L’image du tiers-monde : du droit des hamburgers au paradoxe des ONG

« Quick, les Hamburgers aussi ont Droit à la Différence. » Non, vous ne rêvez pas... Mais peut-être, n’est-ce déjà plus vraiment une incongruité ? Le symbole par excellence du rouleau uniformisateur de la mondialisation-j’écrase-tout érigé en Giant de la célébration de la différence ! Autre chose vue : deux visages androgynes - un noir, un blanc - photogéniques et en parfaite harmonie... Il faut se pencher sur le bas de l’affiche pour identifier le gentil mécène de service. Benetton ? Les Tec ? 11.11.11 ? Belgacom ? MacDo ? Autant d’adeptes d’un multiculturalisme soft et du respect des différences... Ebony and Ivory à toutes les sauces, un tiers-mondiste « modèle seventies » n’y retrouverait plus ses petits.

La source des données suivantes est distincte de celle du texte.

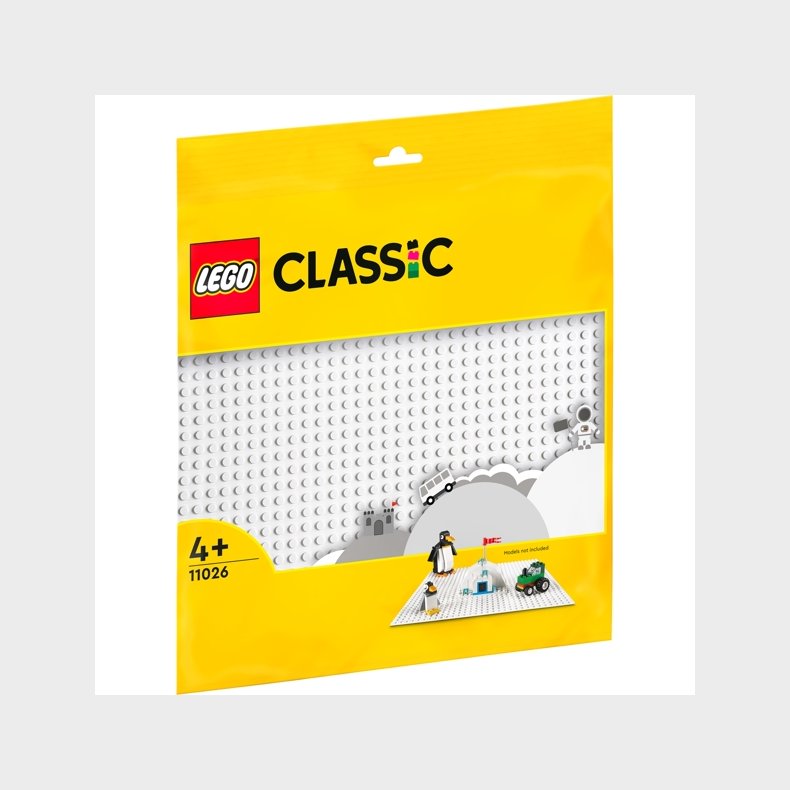 Hvid byggeplade - 11026 - LEGO Classic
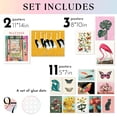 thumbnail image 3 of 97 Decor Eclectic 11x14 Colorful Maximalist Art Print Set, 16 Pieces, 3 of 7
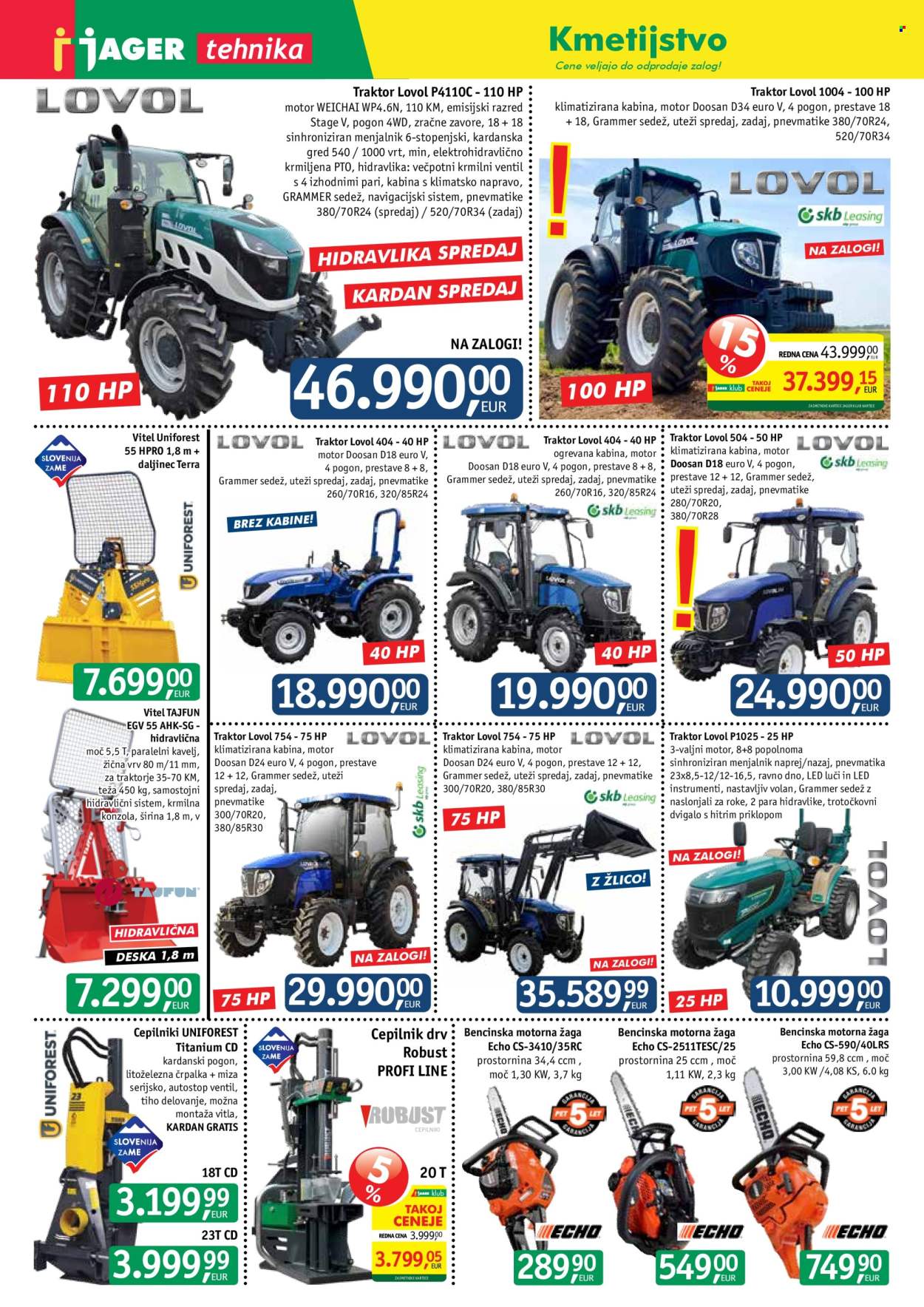 JAGER katalog - 9.9.2026 - 15.9.2026. Stran 4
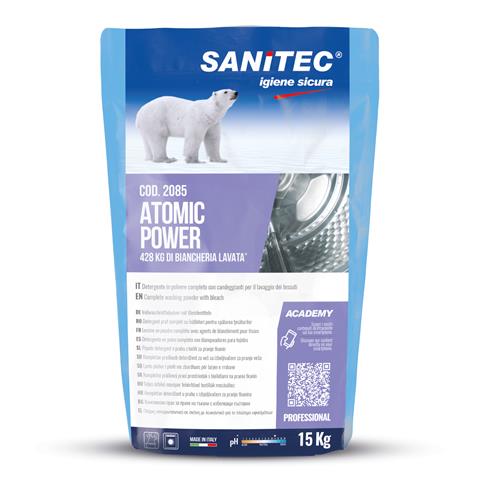 SANITEC ATOMIC POWER Kg.15 SANITEC - 44096 - F001399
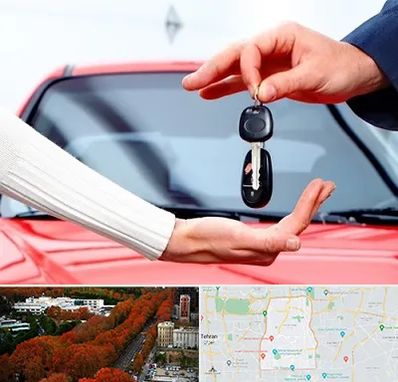 اجاره ماشین در منطقه 6 تهران 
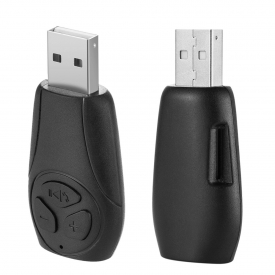 Car bluetooth 3.0 Wireless Audio Receiver Speaker Adapter USB U Disk 3.5mm AUXHands-free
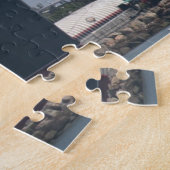 RMS Queen Mary Hotel en Museum in Long Beach Legpuzzel (Zijkant)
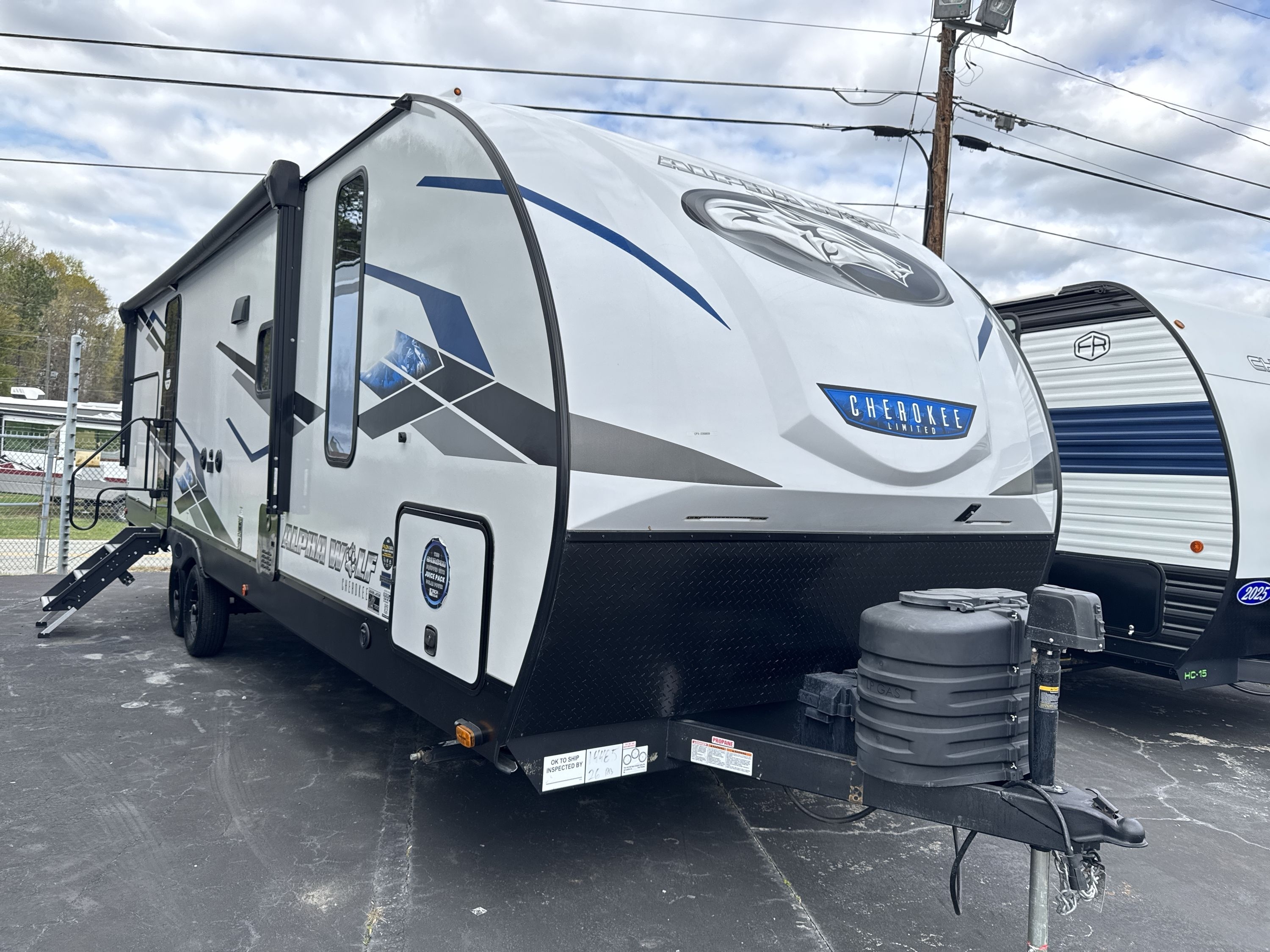 2024 Forest River ALPHA WOLF 26RB-L RV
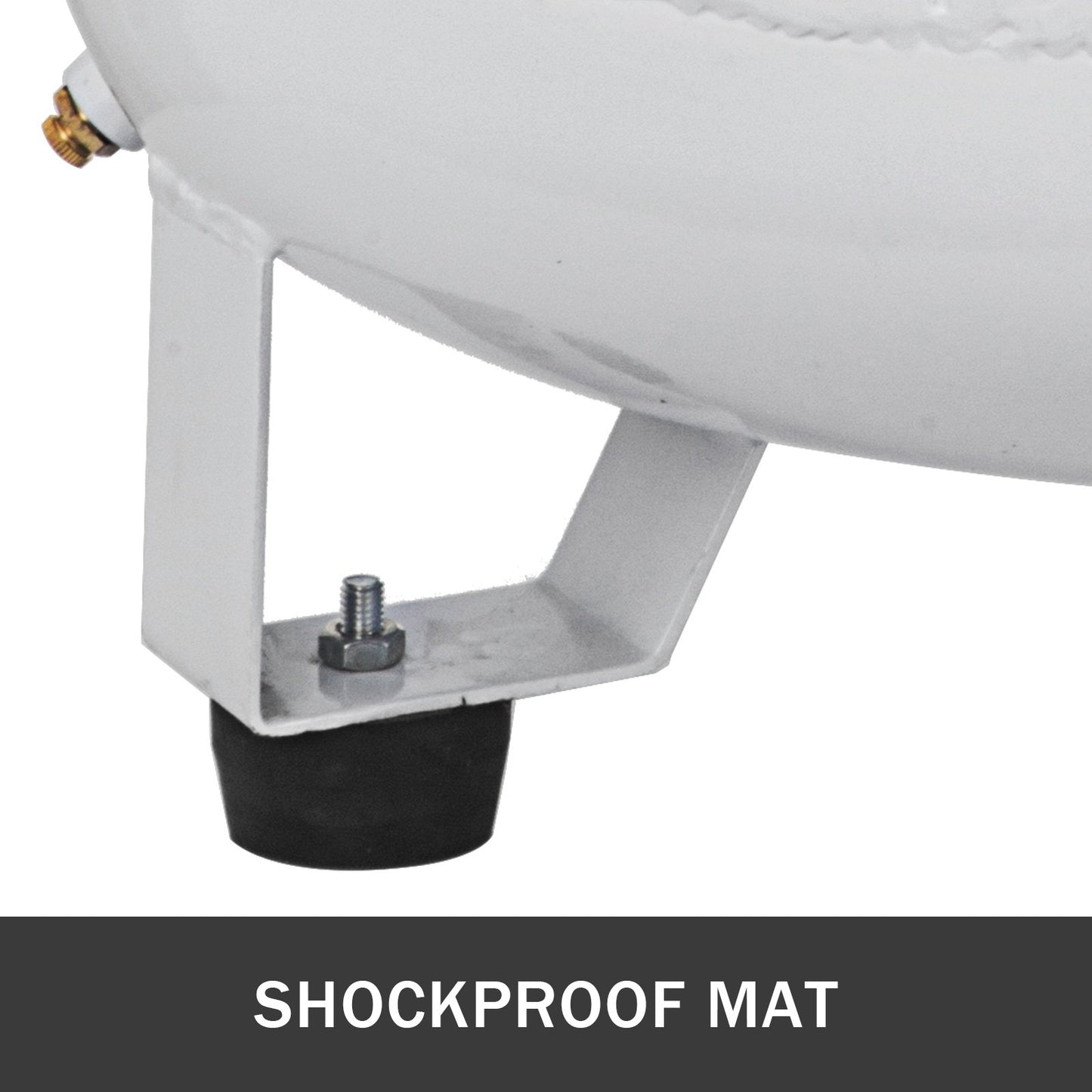 Vertical Air Compressor 6.6 Gallon Ultra Quiet Oil-Free Air Compressor 30L Tank Silent Air Compressor 850W Oil Free Compressor Low Noise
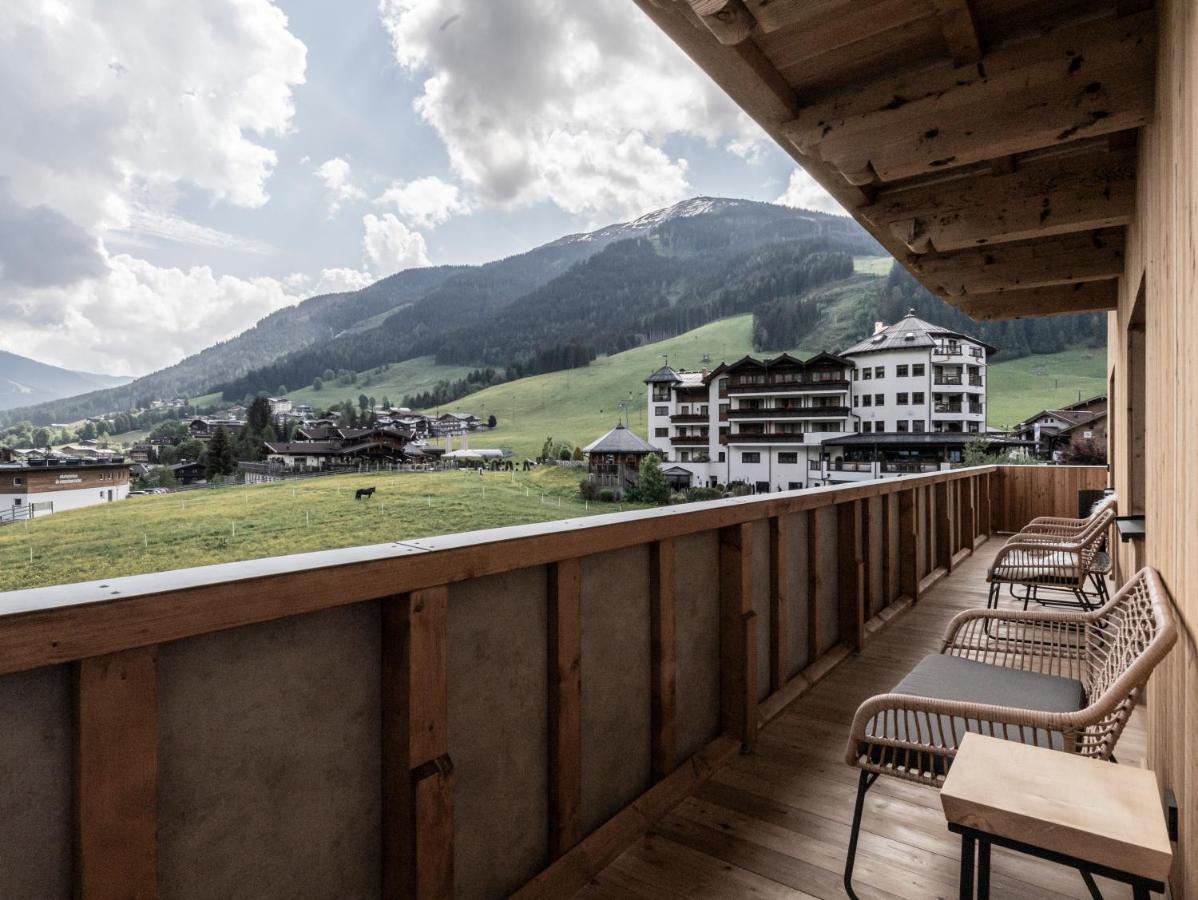 Frau Gans - Pure Mountain Apartments Σάαλμπαχ-Χίντεργκλεμ Εξωτερικό φωτογραφία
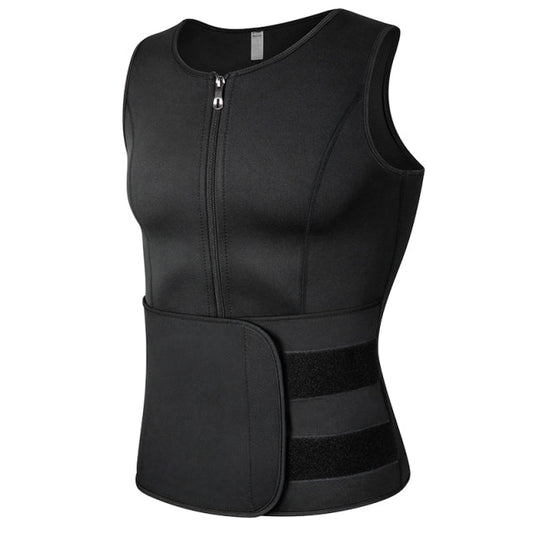 Funki Findz | Shapewear | Men's Waist Trainer Body Shaper Vest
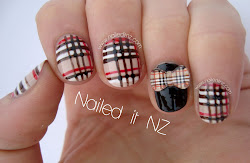 plaid nail 3d designs bow nails acrylic bows uniform google pattern paint impress everyone trendy diy need polishes items herbalfoo
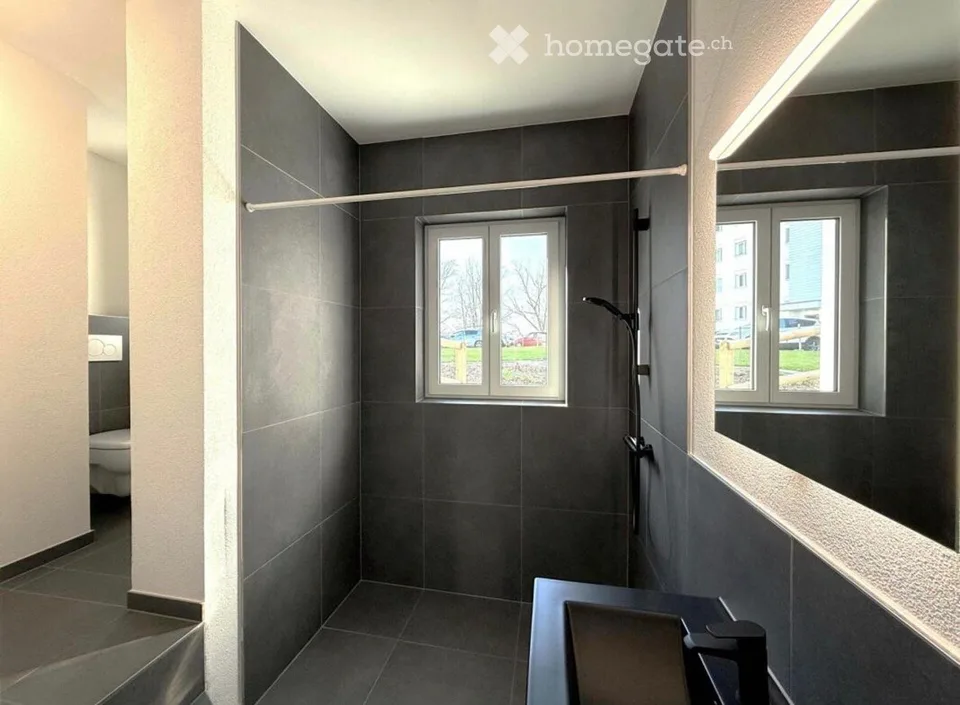 Gemütliche 2.5-Zimmer-Wohnung im Erdgeschoss in Goldach
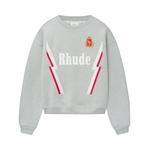 Свитер Rhude Lightning Crewneck 'Вересково-серый' 1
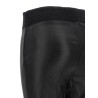 Stretch nappa leather leggings
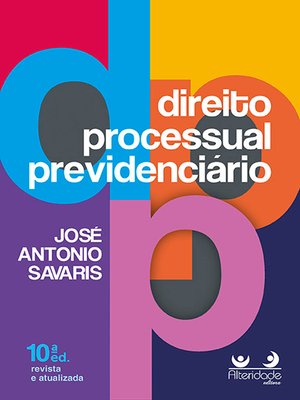 cover image of Direito Processual Previdenciário
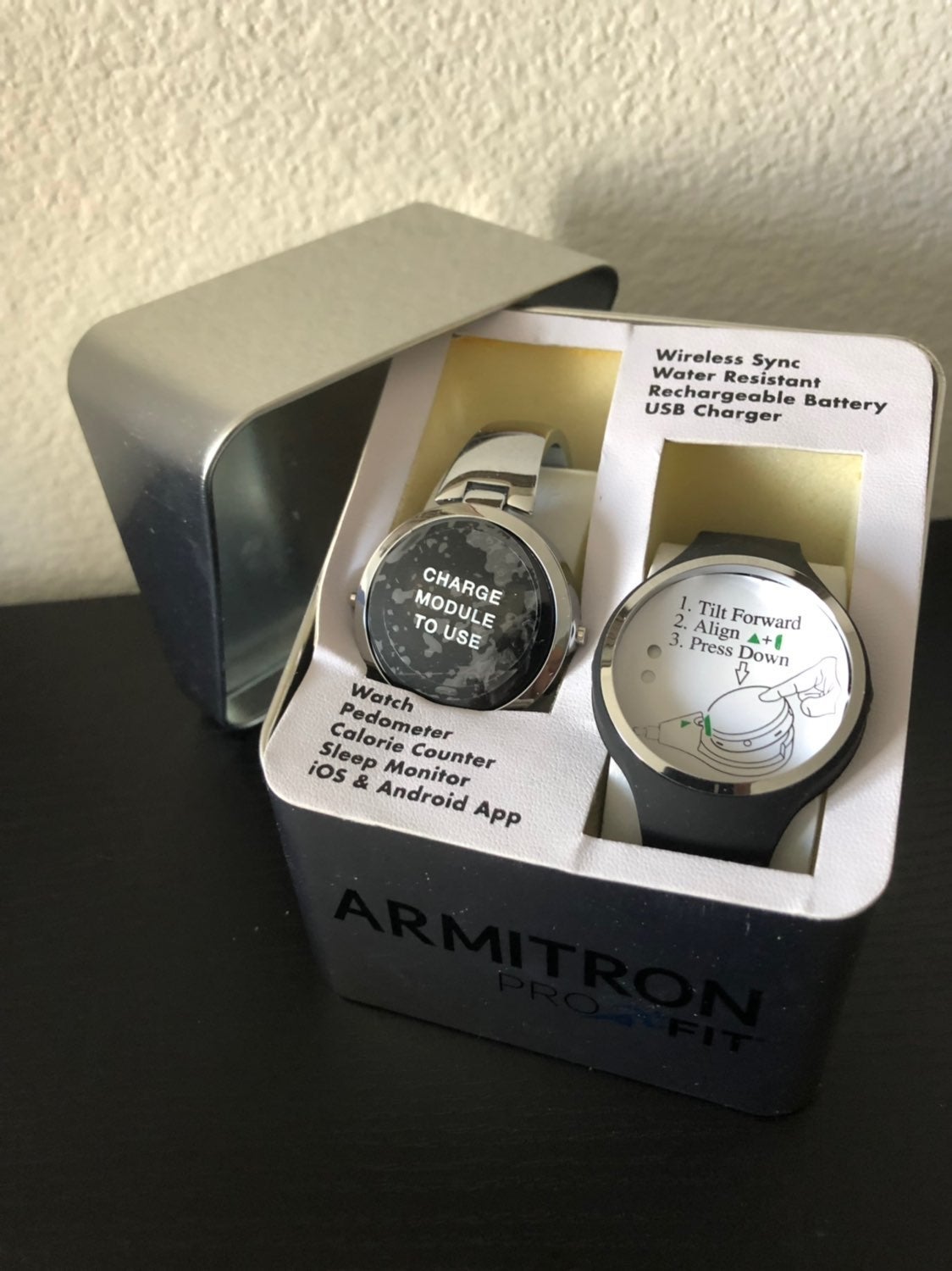 Armitron Ladies ProFit Smart Watch,119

La planète bleu aussi se vend bien. Assorti d’un slogan consensuel, humaniste et protecteur, le globe terrestre se décline pour toutes les causes. Gaz de France ? Entraide et Fraternité ? Le Vif-l’Express ? Les Cimenteries CBC ? La Région Wallonne ? MSF ? Autant de relais d’un cosmopolitisme lénifiant... Mais l’image est aussi festive et colorée, exaltation du mouvement (naturel de préférence) et des pulsions des aborigènes, natives et indigènes de tous poils, propension à mixer les sons et les tons dans une même soupe du monde, épicée authentic ’n’ light. Comment d’ailleurs pourrait-on évoquer le Sud sans un djembé calé entre les deux jambes ? Et là non plus, point de chasse gardée. La diversité culturelle euphorisante a ses promoteurs dans tous les secteurs : privé, public et humanitaire... Autant de zélateurs d’un unanimisme bêtifiant et... commercial. « Tout le monde, il est beau ; tout le monde, il est gentil ! » La petite bourgeoisie-citoyenne-du-monde est ravie, l’air du temps est à la découverte et aux loisirs interculturels. Inoffensif ! Était-ce le voeu de la plupart des ONG ? Ou surfent-elles, faute d’alternatives, sur une lame de fond qui les dépasse ?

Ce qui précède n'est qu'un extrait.